If regulators heed the fishermen and don’t reduce landings, overfished stocks could collapse and collapsed stocks
could decline even further, perhaps to the brink of commercial—if not
actual—extinction.
One way or another, somebody’s boat is going to sink. The question is whether managers are going to
do their best to see that it sinks close to shore, and limits the risk to
all concerned, or whether they let it go down in deep water, and create even
greater perils.
In the past—which for these purposes should be defined as
before the passage of the Sustainable Fisheries Act of 1996 and before the
court decision in Natural Resources
Defense Council v. Daley, decisions nearly
always went the way the fishermen wanted them to.
The fish lost just about every round. And began to disappear.
After NRDC v. Daley,
federal and state fisheries managers took divergent paths.
Federal fisheries managers arelegally
obligated to end overfishing and promptly rebuild overfished stocks, regardless
of the economic hardship. They have not
had an easy time, and have not escaped criticism.
But they have successfully rebuilt many stocks.
The best example is probably the
Mid-Atlantic Fishery Management Council’s restoration of summer flounder. That stock bottomed out in 1989,
when spawning stock biomass dropped to a mere 5,500 metric tons; by 2010, it
had increased nearly tenfold, to over 53,000 metric tons.
But that success didn’t come easily. Mid-Atlantic managers imposed strict caps on
annual harvest. Businesses dependent on
the species experienced difficult years, and some had to close their
doors. However, the summer flounder now
enjoys a stable population that includes a large percentage of larger, more
prolific spawning females, and thus will be able to support robust commercial
and recreational fisheries into the foreseeable future.
In other places, federal managers tried to reach compromise
solutions which, at least, on their face, complied with the law, but eschewed
hard quotas in favor of input controls such as days at sea,
in an effort to accommodate fishermen’s concerns.
Their results were nowhere near
as good. They led to the worst of both worlds.
Stocks failed to rebuild. Some continued to decline, catching fishermen
in a perpetual cycle of regulations that did too little, and were imposed too
late, to begin to rebuild fish populations, but still caused real economic distress.

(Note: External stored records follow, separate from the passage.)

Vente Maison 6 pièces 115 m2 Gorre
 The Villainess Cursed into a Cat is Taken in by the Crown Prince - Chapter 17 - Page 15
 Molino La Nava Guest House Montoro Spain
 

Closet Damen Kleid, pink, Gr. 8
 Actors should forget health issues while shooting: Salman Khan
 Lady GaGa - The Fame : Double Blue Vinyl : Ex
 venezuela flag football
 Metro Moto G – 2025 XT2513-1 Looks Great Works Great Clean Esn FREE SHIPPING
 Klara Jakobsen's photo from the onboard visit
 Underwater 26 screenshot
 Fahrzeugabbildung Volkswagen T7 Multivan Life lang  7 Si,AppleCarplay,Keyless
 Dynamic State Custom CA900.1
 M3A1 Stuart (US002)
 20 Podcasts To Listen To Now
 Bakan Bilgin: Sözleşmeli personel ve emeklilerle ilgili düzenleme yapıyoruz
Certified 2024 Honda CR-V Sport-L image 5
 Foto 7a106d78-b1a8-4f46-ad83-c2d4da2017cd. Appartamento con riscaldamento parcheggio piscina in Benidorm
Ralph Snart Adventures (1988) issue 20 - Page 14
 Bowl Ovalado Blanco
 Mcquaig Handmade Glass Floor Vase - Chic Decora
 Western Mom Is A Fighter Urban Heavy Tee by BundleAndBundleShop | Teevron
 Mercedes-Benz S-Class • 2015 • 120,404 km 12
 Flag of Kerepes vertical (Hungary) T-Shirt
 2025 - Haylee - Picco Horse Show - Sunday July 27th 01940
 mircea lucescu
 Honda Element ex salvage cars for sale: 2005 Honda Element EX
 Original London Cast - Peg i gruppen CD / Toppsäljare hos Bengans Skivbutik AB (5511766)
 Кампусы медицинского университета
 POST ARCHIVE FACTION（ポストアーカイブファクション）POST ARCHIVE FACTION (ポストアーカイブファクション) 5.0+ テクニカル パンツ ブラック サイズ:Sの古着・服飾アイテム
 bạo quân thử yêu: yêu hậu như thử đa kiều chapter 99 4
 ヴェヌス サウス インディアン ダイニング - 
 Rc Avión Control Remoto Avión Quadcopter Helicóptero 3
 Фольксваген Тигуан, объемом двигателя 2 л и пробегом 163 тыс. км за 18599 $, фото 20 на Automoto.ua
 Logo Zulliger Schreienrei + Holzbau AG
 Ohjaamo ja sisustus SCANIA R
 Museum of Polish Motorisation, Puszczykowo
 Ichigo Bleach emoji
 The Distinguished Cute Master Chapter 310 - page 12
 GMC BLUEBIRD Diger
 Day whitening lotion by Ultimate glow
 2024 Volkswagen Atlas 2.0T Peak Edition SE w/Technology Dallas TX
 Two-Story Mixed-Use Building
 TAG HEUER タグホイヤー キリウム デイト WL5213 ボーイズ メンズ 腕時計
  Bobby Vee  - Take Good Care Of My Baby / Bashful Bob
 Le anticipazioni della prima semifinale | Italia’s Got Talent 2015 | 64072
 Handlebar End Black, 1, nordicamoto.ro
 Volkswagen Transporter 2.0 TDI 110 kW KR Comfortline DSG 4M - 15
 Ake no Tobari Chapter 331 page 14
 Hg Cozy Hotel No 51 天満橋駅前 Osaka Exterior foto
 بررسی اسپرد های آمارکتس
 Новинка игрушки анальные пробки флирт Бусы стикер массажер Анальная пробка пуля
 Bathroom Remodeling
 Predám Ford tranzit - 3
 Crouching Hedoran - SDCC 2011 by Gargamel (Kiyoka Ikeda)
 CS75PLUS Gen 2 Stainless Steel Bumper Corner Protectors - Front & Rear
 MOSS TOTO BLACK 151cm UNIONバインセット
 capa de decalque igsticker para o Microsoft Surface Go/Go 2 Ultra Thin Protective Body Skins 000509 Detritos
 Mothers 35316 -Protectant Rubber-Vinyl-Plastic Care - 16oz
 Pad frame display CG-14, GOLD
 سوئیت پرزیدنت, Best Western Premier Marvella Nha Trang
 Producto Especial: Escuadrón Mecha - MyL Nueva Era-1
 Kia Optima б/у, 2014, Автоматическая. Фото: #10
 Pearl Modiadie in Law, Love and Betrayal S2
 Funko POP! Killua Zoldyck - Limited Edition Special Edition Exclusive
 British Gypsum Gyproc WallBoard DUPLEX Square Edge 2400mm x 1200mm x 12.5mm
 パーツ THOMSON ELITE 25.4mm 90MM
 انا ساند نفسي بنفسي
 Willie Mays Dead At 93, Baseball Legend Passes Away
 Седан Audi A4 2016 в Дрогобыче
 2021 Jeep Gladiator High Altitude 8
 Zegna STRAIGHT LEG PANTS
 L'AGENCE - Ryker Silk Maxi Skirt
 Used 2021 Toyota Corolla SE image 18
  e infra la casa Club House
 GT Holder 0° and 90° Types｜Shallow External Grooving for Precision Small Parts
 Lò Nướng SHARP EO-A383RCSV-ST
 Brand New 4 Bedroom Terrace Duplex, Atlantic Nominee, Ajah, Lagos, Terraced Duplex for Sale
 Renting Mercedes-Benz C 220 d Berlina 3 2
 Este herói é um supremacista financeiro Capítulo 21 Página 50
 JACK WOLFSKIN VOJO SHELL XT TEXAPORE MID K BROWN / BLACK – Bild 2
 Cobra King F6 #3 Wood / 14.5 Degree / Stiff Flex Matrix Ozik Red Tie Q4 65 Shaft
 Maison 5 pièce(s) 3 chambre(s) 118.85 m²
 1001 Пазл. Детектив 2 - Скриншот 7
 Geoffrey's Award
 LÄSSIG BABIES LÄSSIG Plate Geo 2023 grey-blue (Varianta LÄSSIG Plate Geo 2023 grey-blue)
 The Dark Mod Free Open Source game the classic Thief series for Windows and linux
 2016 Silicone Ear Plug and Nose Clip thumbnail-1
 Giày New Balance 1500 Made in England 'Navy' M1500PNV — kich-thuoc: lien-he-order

Each assessment showed fish stocks still growing smaller, leading to additional, inadequate restrictions that ratcheted the economic harm up another notch while fish stocks continue to wither.
The history of New England groundfish is filled with such stories, and more are being written this day.
Still, the worst that the federal managers can do is probably better than what happens in the states, where federal fisheries laws don't apply, science may be ignored, overfishing tolerated and stocks never rebuilt.
The Atlantic States Marine Fisheries Commission probably represents the epitome of state-level management. For the past twenty years, ASMFC has been enjoying much public
esteem for rebuilding the coastal migratory striped bass stock, a task that it
completed in 1995.
Unfurtunately, it hasn’t restored a single stock since.
Not one.
Yet during those twenty years, a lot of other stocks slipped
downhill, and a few collapsed. Among the
losers, we have alewives, American eel, American shad, blueback herring, Gulf
of Maine winter flounder, northern shrimp, southern New England lobster,
southern New England/Mid-Atlantic winter flounder, tautog and weakfish (I try
to list them alphabetically, to avoid forgetting any, although it’s still possible that I missed one or two).
And striped bass, ASMFC’s singular success, hasn’t been
doing so well. Overfishing is
likely to occur, if not this year, than in 2015 (and, at best, there’s a 50-50
chance that it will happen in 2016, too); the steadily-declining population is
will become overfished, this year or next, as well.
Because at ASMFC, the decisions still favor the fishermen.
At least, they favor the fishermen in the short term.
Long term, things don’t turn out nearly so well.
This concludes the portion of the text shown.